The purpose of this study is to determine which factors drive patients with diplegic cerebral palsy to walk without knee recurvatum despite hyperextension of the knee on physical examination.

Methods:

A retrospective review was conducted of all data collected in the Gait Analysis Laboratory between 1999 and 2014. Patients with spastic diplegic cerebral palsy and at least 5 degrees of knee extension on clinical examination were identified for the study. After IRB approval, a total of 60 children ranging in age from 4 to 17 were included in the study. There were 27 female patients. Gross Motor Function Classification System level was distributed in the population as follows: 34 patients at Gross Motor Function Classification System level I, 18 at level II, and 8 at level III. Patients were excluded from this study if they had extrapyramidal involvement, history of selective dorsal rhizotomy or lower extremity surgery. Patient who received botulinum toxin A injections within 1 year of the study were excluded as well.

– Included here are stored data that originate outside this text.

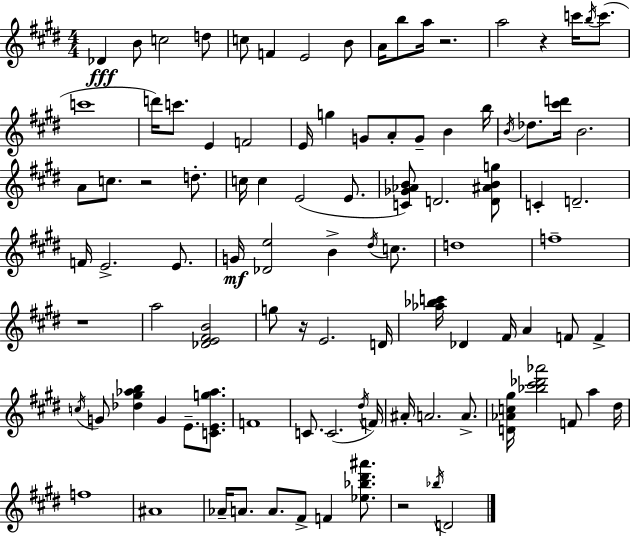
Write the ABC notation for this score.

X:1
T:Untitled
M:4/4
L:1/4
K:E
_D B/2 c2 d/2 c/2 F E2 B/2 A/4 b/2 a/4 z2 a2 z c'/4 b/4 c'/2 c'4 d'/4 c'/2 E F2 E/4 g G/2 A/2 G/2 B b/4 B/4 _d/2 [^c'd']/4 B2 A/2 c/2 z2 d/2 c/4 c E2 E/2 [C_G_AB]/2 D2 [D^ABg]/2 C D2 F/4 E2 E/2 G/4 [_De]2 B ^d/4 c/2 d4 f4 z4 a2 [_DE^FB]2 g/2 z/4 E2 D/4 [_a_bc']/4 _D ^F/4 A F/2 F c/4 G/2 [_d^g_ab] G E/2 [CEg_a]/2 F4 C/2 C2 ^d/4 F/4 ^A/4 A2 A/2 [D_Ac^g]/4 [_b^c'_d'_a']2 F/2 a ^d/4 f4 ^A4 _A/4 A/2 A/2 ^F/2 F [_e_b^d'^a']/2 z2 _b/4 D2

Patients were divided into 2 groups: children that walked with knee hyperextension (KH) and children that walked without knee hyperextension (KF, “knee flexion”). There were 15 subjects in the KH group and 45 subjects in the KF group. Motion Laboratory evaluation included a comprehensive examination, kinematics, and kinetic analysis with a VICOM system. All data were analyzed with unpaired t test to detect differences between the 2 groups. All statistical analysis was done only for the right legs (unless the right leg did not meet the exclusion then the left leg was analyzed) to meet the statistical requirement for independence. The Pearson correlation was applied to correlate the maximum knee extension in stance with maximum ankle dorsiflexion in stance.

Results:

The static measurement of dorsiflexion with knee flexed showed statistically significant difference (P=0.004) with KH group having 2.3±11.6 degrees and KF group having 13.1±12.2 degrees. There was also a statistically significant difference in the static measurement of dorsiflexion with knee extended (P=0.0014) with KH group having −3.3±9.0 degrees and KF group having 5.8±9.1 degrees. Maximum dorsiflexion in stance phase also showed significant difference (P=0.0022) with the KH group having 0.1±14.0 degrees and KF group having 11.5±11.2 degrees. Maximum dorsiflexion in stance phase also showed significant difference (P<0.001) with the DH group having 0.1 (SD) 14.0 degrees and KF group having 11.5 (SD) 11.2 degrees. There were no significant differences in popliteal angle measurements or any strength measurement.

Conclusions:

Our study shows that the plantar flexion knee extension couple is the major contributing factor to cause patients with passive knee hyperextension to walk in a recurvatum pattern. This would have implications of further treatment of the knee hyperextension in stance.

Level of Evidence:

Level III—case-control study.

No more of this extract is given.